En cualquier torneo en el que compite se puede apreciar esta conexión entre las gradas y Mickelson pero, como siempre, también ha tenido sus detractores y críticos; gente que pensaba que estas buenas maneras eran una pose y que su golf arriesgado era una falta de estrategia. En realidad, decían que no se trataba tanto de lo que Phil había conseguido sino de lo que había dejado atrás. “Tiene más talento que Tiger”, acostumbraban a decir. Pero Woods contaba con una enorme ambición y conocía mejor el viejo arte de cerrar los torneos. En realidad, su carrera como profesional es la opuesta a la del eterno número uno en muchos sentidos. Su golf es más elegante que efectivo, más espectacular que práctico.
Es probablemente la razón por que se ha dejado mucho en el camino. A lo largo de la historia, atendiendo a los resultados, la forma más efectiva de ganar es la de Jack Nicklaus, la de Tiger: jugar golpes inteligentes, meter esos putts importantes para par, subir al liderato y dejar que los demás intenten alcanzarte. Phil ha intentado acercarse a esas maneras durante años, pero nunca le ha funcionado bien. ¿Cómo eran sus vueltas? David Feherty las describió como ver a un borracho perseguir un globo por el borde de un acantilado.
En 2013 nos ha dado dos ejemplos perfectos de lo que sucede cuando vas tan al límite de la física. La primera fue en el US Open que ganó Justin Rose y donde él fue líder durante prácticamente cincuenta y cuatro hoyos. ¿La última jornada? Embocó su bola desde setenta metros, desde el rough, para firmar un eagle en el hoyo 10. ¿Resultado? Terminó con 74 golpes, a dos de la victoria. Lo mejor y lo peor en un espacio tan comprimido que genera dudas, casi tantas como trofeos ha levantado a lo largo de viente años. La segunda vez, sin embargo, el desenlace fue muy distinto.

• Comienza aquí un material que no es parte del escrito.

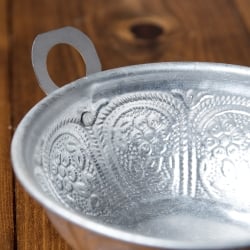 インド伝統唐草エンボス　カダイ風取っ手付きアルミボウル【直径：約14cm】 - サブ4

Phil partió a cinco golpes de Westwood en la última jornada del Open Championship. Por si no ha quedado claro: cinco golpes y dieciocho hoyos. Si él hubiera sido el primer clasificado, probablemente estaría pensando en todas las ocasiones en que dejó escapar una ventaja más amplia, pero sumido en una lista de alternativas se sentía más cómodo, más tranquilo. Comenzó su vuelta sereno con cuatro pares y, tras nueve hoyos, estaba con menos dos. Un bogey en el 10 le situó de nuevo casi como al principio, un candidato silencioso. El torneo, por otra parte, se estaba poniendo muy interesante: Lee se había desmoronado, Woods también caía, al igual que Cabrera o Johnson. Sin una referencia fija en la tabla, Mickelson tenía todavía una buena oportunidad.
Caminó al borde de un enorme precipicio. Consiguió dos birdies en dos de los hoyos más desafiantes de Muirfield, un par 3 de 170 metros y un par 4 de 430 para situarse con menos tres en el día. Consiguió dos pares más en el 15 y el 16 y, desatado, sonriendo al público, atacando banderas, desoyendo ventajas y buscando siempre una forma de seguir haciendo daño al recorrido, remató el resultado con dos aciertos más, en el 17 y el 18. Mickelson estaba inspirado y no se había caído, como en las seis veces que murió en un US Open. Su forma de jugar había encontrado la recompensa en la tierra donde comenzó a andar el golf, donde comenzó todo.